Surgical training programs use various models, including live animals and human cadavers, to simulate human tissue and anatomy in vivo. Although human cadavers currently represent the model closest to the situation in clinical practice, the cost, limited availability, infection risk, and poor compliance of cadaveric tissue restrict their use.23) Since the Guidelines for Cadaver Dissection in Education and Research of Clinical Medicine by the Japan Surgical Society and the Japanese Association of Anatomists were published in 2012,24) the use of cadavers for surgical training has been formally legalized, and the Study Group’s surgical training program has begun using human cadavers. This training seminars have been using Thiel-embalmed cadavers, which are soft, flexible, and retain almost natural colors.23) The training seminars have been held three times as of January 2020, and a total of 42 trainees have practiced esophageal endoscopic surgery on cadavers. An expert esophageal endoscopic surgeon delivered a lecture about TME to the trainees on the first day of the seminar, and the trainees practiced TME on cadavers on the second day. All of the trainees in the third seminar rated the whole seminar as “Good” or “Very Good” in the post- seminar survey. There seems to be a very great need for these seminars, because, for anatomical reasons, trainees can practice TME only on cadavers.

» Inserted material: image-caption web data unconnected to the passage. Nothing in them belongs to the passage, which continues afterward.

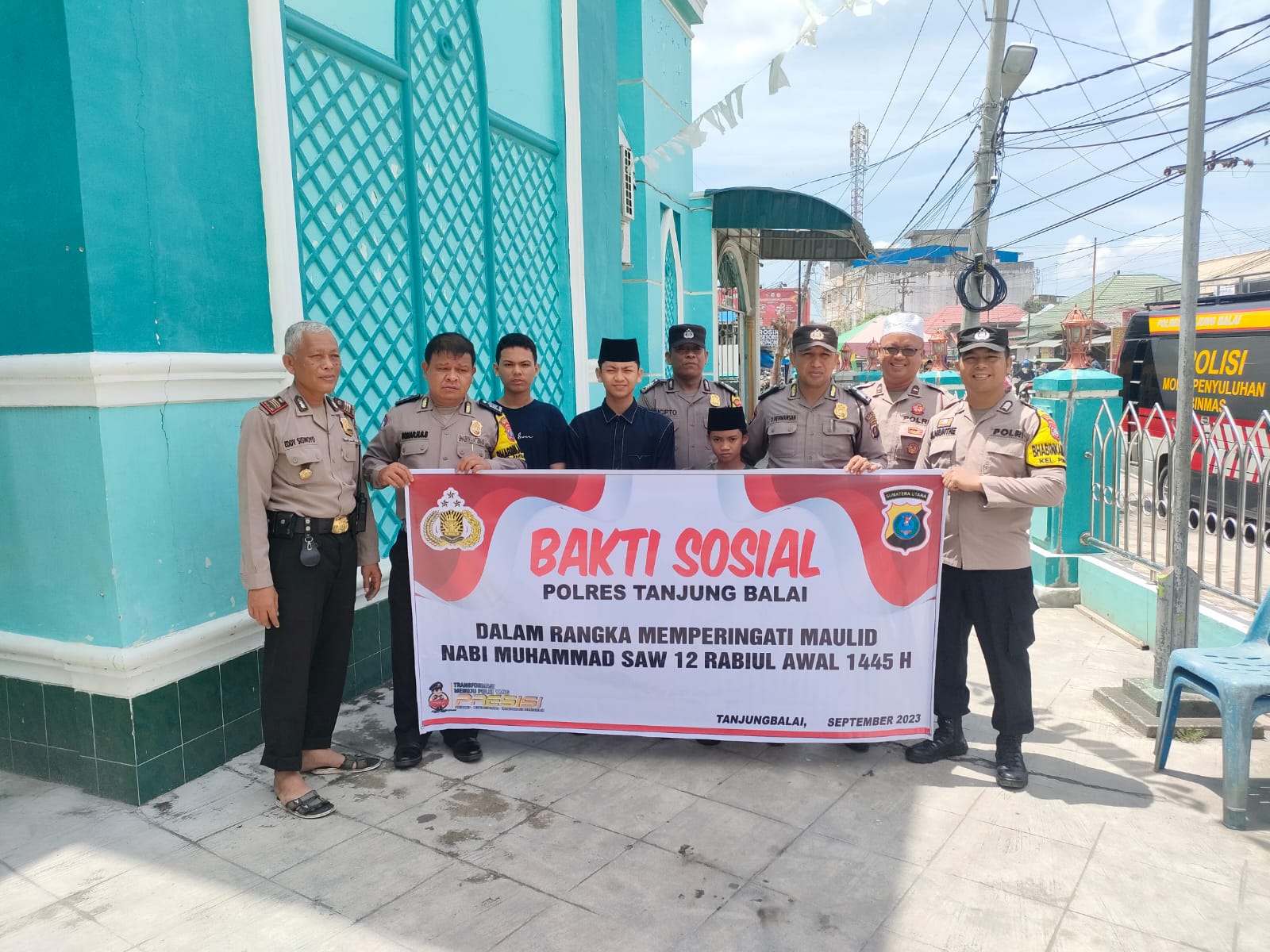 Memperingati Maulid Nabi Muhammad SAW 1445 H Polres Tanjung Balai Bakti Sosial Bersihkan Mesjid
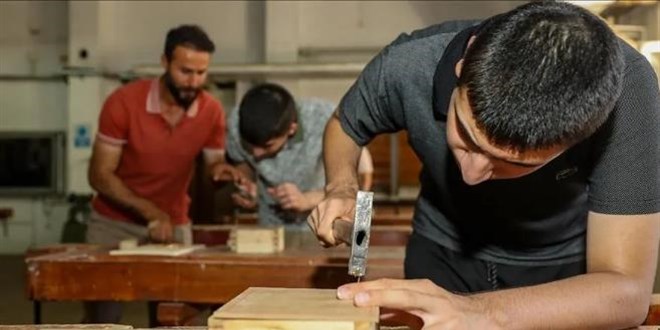 Eski okul mobilyaları yenilendi: 400 bin öğrenciye ulaştı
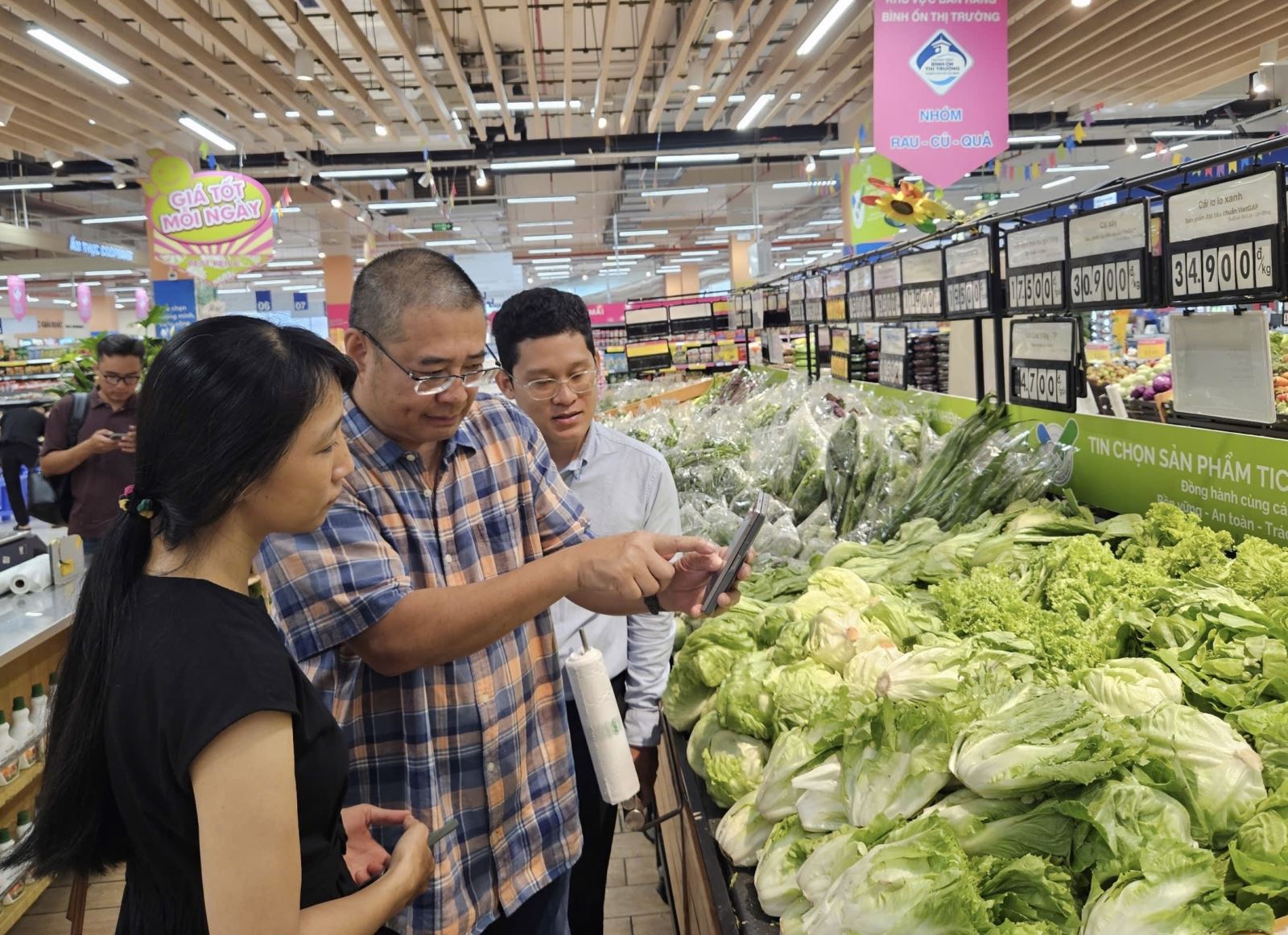 TP Hồ Chí Minh: Tăng hỗ trợ xúc tiến thương mại, mở rộng đường đi cho hàng Việt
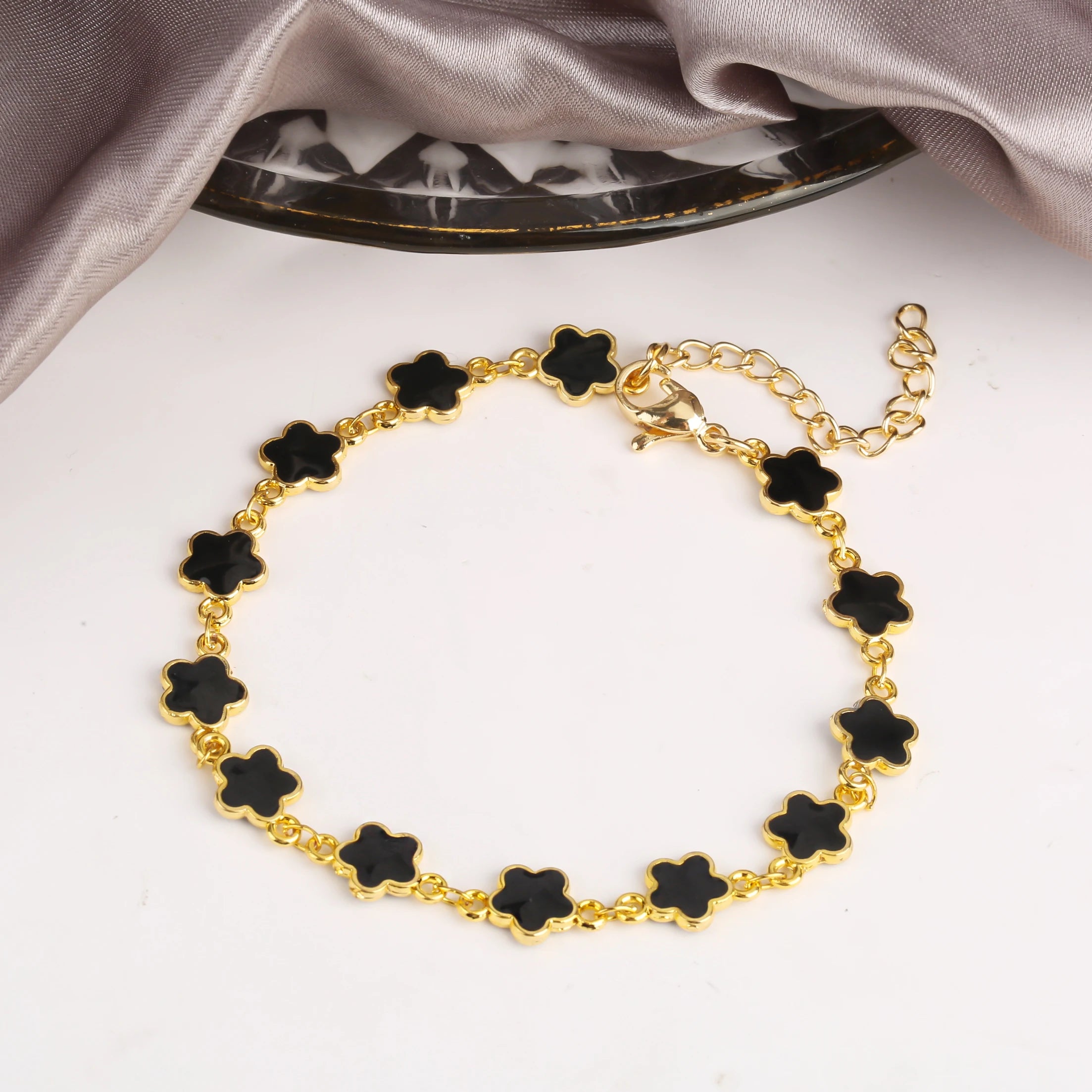 Classic 7 Color Copper Drip Oil Five-Leaf Flower Bracelet Necklace Pentagram Jewelry Set For Women Wedding Party Daily Wear Qme 17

Surveys designed to clarify the status of endoscopic surgery for esophageal diseases in Japan were conducted in 2007, 2012, and 2017, and the results will be published shortly.

Minimally invasive esophagectomy (MIE), including thoracoscopic esophagectomy and TME, is becoming a standard procedure for the treatment of esophageal cancer in Japan. According to a recent review article, the incidences of postoperative complications in the form of pneumonia, arrhythmia, anastomotic leakage, and RLNP are about 10% each.25) In the near future, we hope to further develop and/or improve the procedures and the instruments used for MIE to enable better long-term survival and lower incidences of postoperative complications.

Disclosure Statement

The author has no conflict of interest to declare.